—Ah çà, dit Bordier, en se versant une nouvelle rasade, si vous êtes venues pour nous mépriser, fallait plutôt rester chez vous. Voyons, Madeleine, trinque donc un peu avec cette brave Mme Tribouillard qui soigne ton pauvre père quand tout le monde l'abandonne.»

Surmontant de nouveau leur dégoût, les deux sœurs firent un effort pour goûter à cette boisson bleuâtre.

Cependant les bouteilles se vidaient et l'ivresse augmentait.

Tribouillard, d'une constitution débile, commençait à chanceler sur sa chaise. Ses yeux caves prenaient une fixité horrible à voir et semblaient s'arrondir sous l'impression d'une terreur secrète. Était-ce le souvenir de quelque crime qu'évoquait sa pensée troublée? Étaient-ce les fantômes du remords? Il devenait plus pâle, et sa main qui saisissait le verre pour le porter à sa bouche, paraissait n'obéir qu'à un mouvement machinal.

Quant à Bordier, plus robuste, habitué à s'enivrer avec des liqueurs alcooliques, il résistait mieux. Bien que l'ivrognerie eût à la longue déformé ses traits énergiques, cependant l'étincelle de l'intelligence n'était pas complètement amortie. De temps à autre il portait sa main sur sa poche. Se défiait-il de ses filles ou de ses amis?

Mais ce qui était bien autrement douloureux, c'était de voir le petit Tribouillard, un enfant de sept ans, qui buvait aussi. Son visage eût pu être beau et pur; mais on y découvrait une dégradation précoce. Le sourire comme le regard avaient perdu la candeur de l'enfance. Sa tête commençait à osciller et ses yeux étaient mornes.

Mme Tribouillard, à moitié ivre, devenait bavarde et cynique.

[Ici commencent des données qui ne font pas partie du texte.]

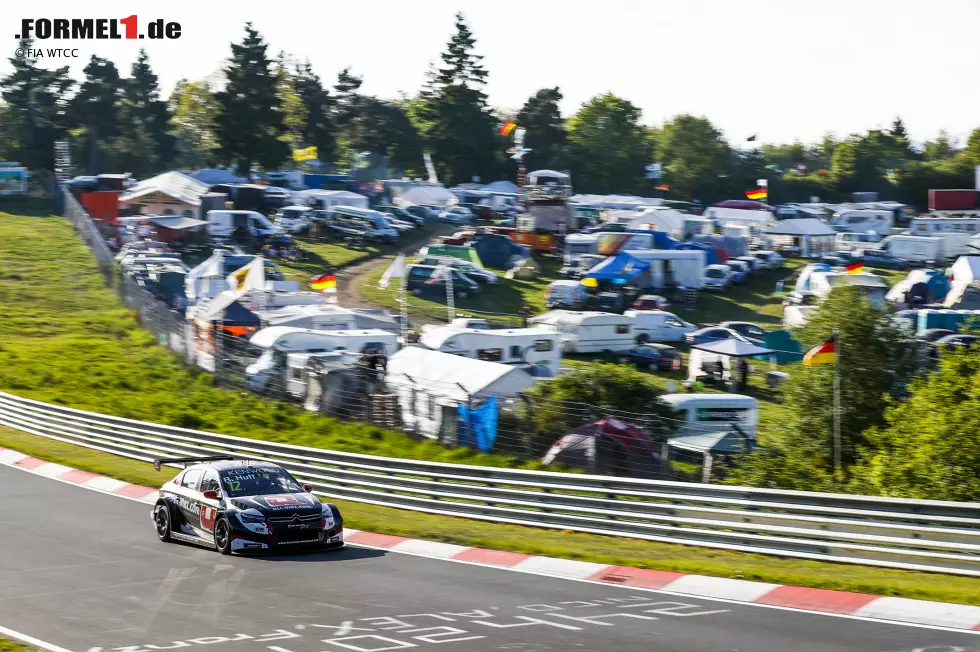 Foto zur News: Motorsport gibt es hier aber weiterhin. Neben der VLN und dem 24-Stunden-Rennen fahren nach dem Formel-1-Aus unter anderem auch Langstrecken- und Tourenwagen-WM auf dem Grand-Prix-Kurs beziehungsweise der Nordschleife. Auch eine Rückkehr der Formel 1 in Zukunft ist nicht ausgeschlossen.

«Vous ne savez pas, dit-elle, ce que c'est que la récolte à Tribouillard. Je vais vous raconter ça, parce que vous êtes les filles à Bordier, et qu'un jour ça pourra vous servir. J'ai là, dans mon buffet, un vieux certificat qu'un médecin m'a fait, une fois que Tribouillard était malade pour tout de bon. Ah! le brave homme de médecin! Que je boive à sa santé! Puis il m'a donné plusieurs adresses de personnes charitables qui pourraient m'aider. Comme il y a dans la ville des sociétés de toute espèce, avec le certificat je les visite à tour de rôle. Elles ne donnent pas souvent d'argent, mais on revend les bons; puis, tous les six mois, Tribouillard se met au lit. J'arrange la chambre comme vous voyez: je défonce une marche de l'escalier, je mets sur la paillasse une vieille robe rapiécée en guise de drap et de couverture, je descends le poêle à la cave, et je commence ma tournée; je sais dire, je pleure à volonté; j'amène les gens voir Tribouillard. Ce sont surtout les cagots qui donnent là dedans, mais à la condition qu'on administrera Tribouillard, et l'on administre Tribouillard. S'il ne va pas au ciel tout droit, personne n'ira. Il a déjà bien reçu dix fois l'extrême onction. C'est pourquoi j'envoie le gône guetter dans la rue, afin qu'il vienne nous prévenir aussitôt qu'il entend quelqu'un demander Tribouillard. Et tous les ans nous déménageons, car on ne pourrait pas recommencer souvent dans le même quartier, ça ne prendrait plus. Voilà ce que nous appelons faire la récolte. Avec ça nous pouvons traiter de temps en temps les amis. Tenez, dans ce moment, nous buvons l'argent de son cercueil. Ça ne vaut-il pas mieux, dites, que d'être verrier comme l'était autrefois ce pauvre Tribouillard qui se brûlait le corps et risquait de mourir à la besogne? Au lieu de ça, tous les six mois, il se met au lit, et je le dorlote. Pas vrai, Tribouillard, que ça vaut mieux?»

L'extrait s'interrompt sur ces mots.